* EXERCISE GOAL *
For this exercise, retype the lines from the one that holds "Purdue University Boilermakers" through the one that holds "apartamento München Nymphenburg" in the records below, both included, exactly and without pictures.

* TASK MATERIAL *
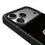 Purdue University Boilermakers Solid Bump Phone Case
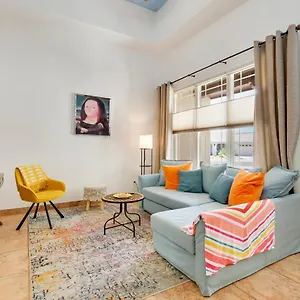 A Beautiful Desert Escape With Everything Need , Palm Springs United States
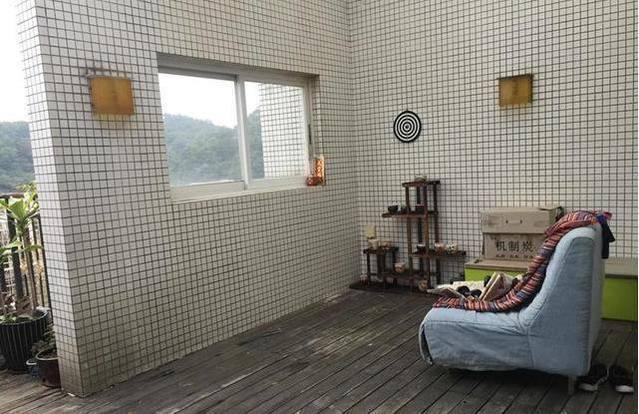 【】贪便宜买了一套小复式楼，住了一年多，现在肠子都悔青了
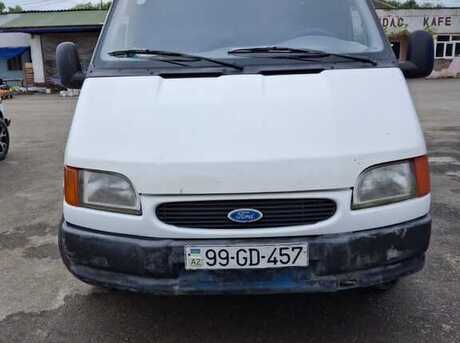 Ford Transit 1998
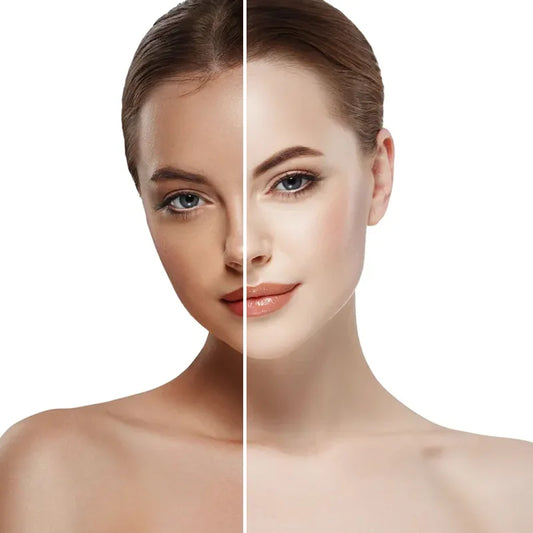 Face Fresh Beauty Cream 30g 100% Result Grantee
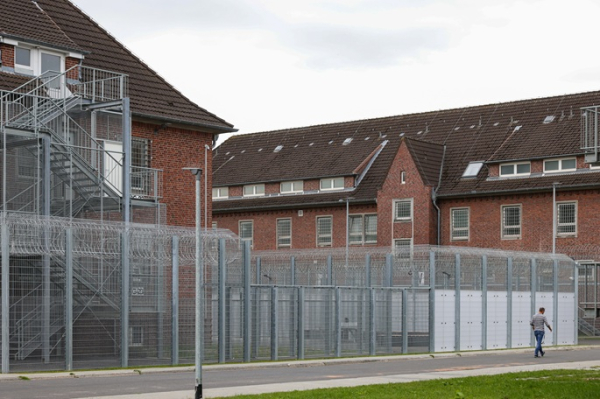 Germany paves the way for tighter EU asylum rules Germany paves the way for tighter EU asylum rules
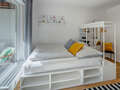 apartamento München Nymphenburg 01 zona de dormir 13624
* * *
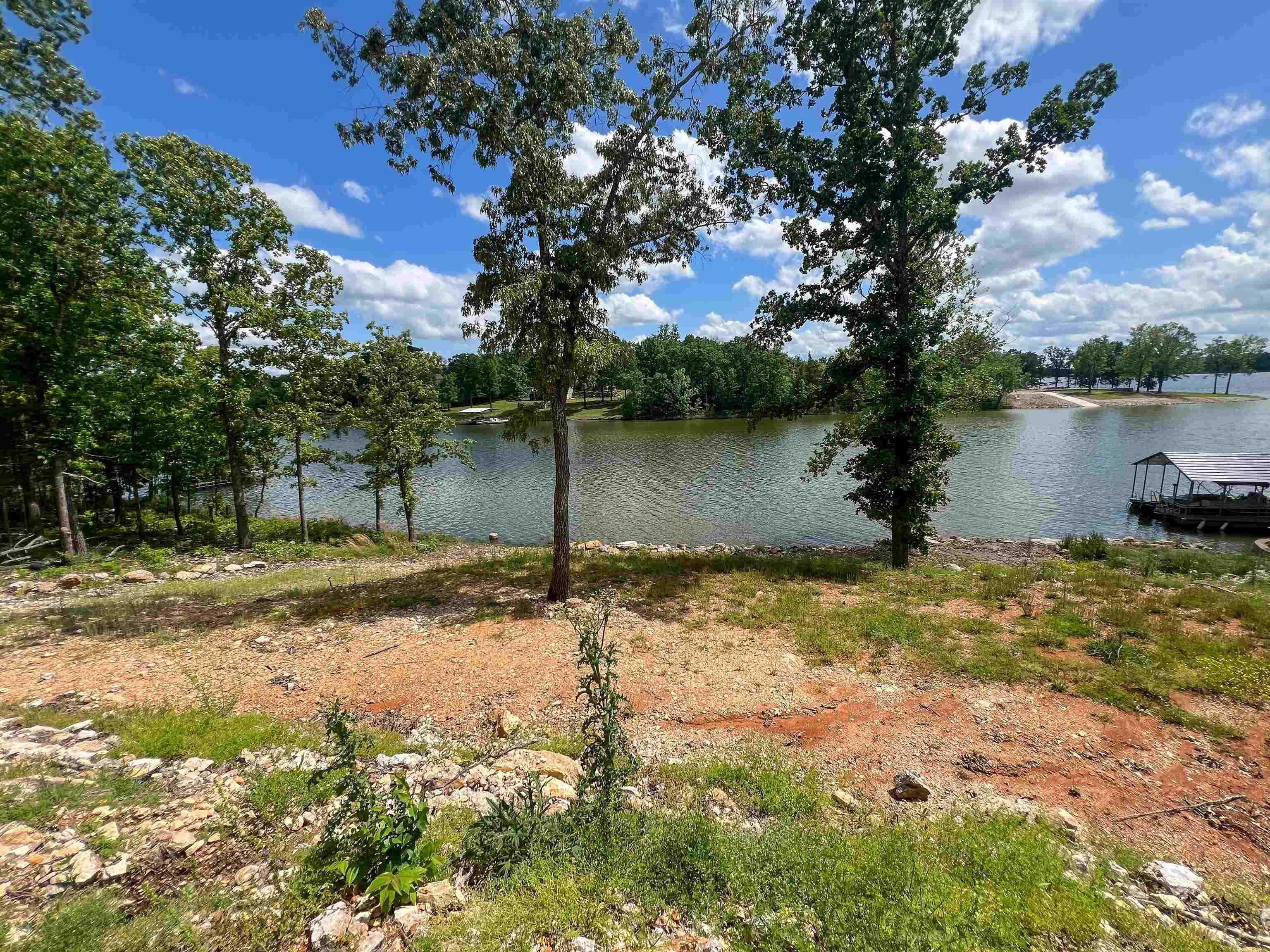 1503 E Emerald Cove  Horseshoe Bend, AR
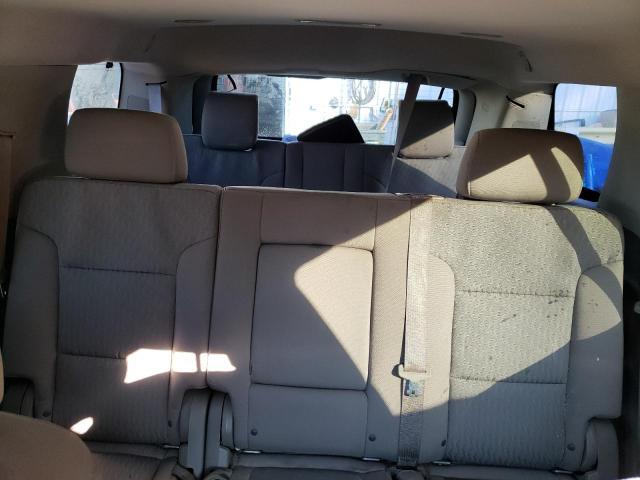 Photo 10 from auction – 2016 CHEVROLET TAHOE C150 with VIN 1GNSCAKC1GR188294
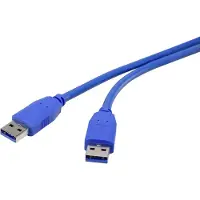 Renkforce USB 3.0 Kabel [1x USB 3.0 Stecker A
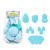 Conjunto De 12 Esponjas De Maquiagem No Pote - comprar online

* RESPONSE BOX *
 Purdue University Boilermakers Solid Bump Phone Case
 A Beautiful Desert Escape With Everything Need , Palm Springs United States
 【】贪便宜买了一套小复式楼，住了一年多，现在肠子都悔青了
 Ford Transit 1998
 Face Fresh Beauty Cream 30g 100% Result Grantee
 Germany paves the way for tighter EU asylum rules Germany paves the way for tighter EU asylum rules
 apartamento München Nymphenburg 01 zona de dormir 13624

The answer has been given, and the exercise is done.